With Three Thing About Elsie, author Joanna Cannon presents her characters and their stories with caring and kindness, as well as an eye for noticing those who often seem invisible. In this case, that means the elderly, and the book takes a gentle look at the way lives change and worlds sometimes shrink when the years ahead are fewer than those behind.
This book focuses on unraveling a new mystery by struggling to remember the past, while at the same time being an exploration of growing old while wrestling with unreliable memories and clinging to love and friendship. Through Florence, the main character who holds close three things about her friend, Elsie, we see how life changes in later years as she grapples with a fading memory and adjusting to life at a home for the elderly.
Lives can disappear so quickly sometimes once they end – we all hope to be remembered, to leave some small mark on the world, but aren't sure we will.
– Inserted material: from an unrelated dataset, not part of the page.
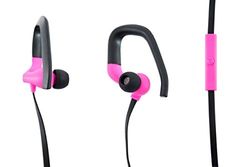 aiino - GO SPORT oordopjes met ergonomische oorlus, geïntegreerde microfoon, universele compatibiliteit, ideaal voor training, maximale stabiliteit - roze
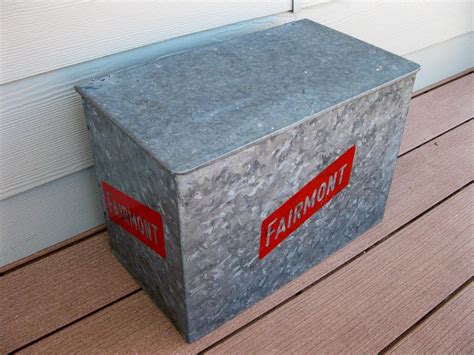 vintage galvanized milk box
Florence thinks about this question a lot, wondering: "When I look back, I have led quite an ordinary life. I sometimes wonder what the point of me was."
By the end of the book, hopefully you'll see what the point of her was, what the point of everyone is. An ordinary life often leaves more of an extraordinary mark on the world than we realize. Surely it's true that "No matter how long or how short a time you are here, the world is ever so slightly different because you existed."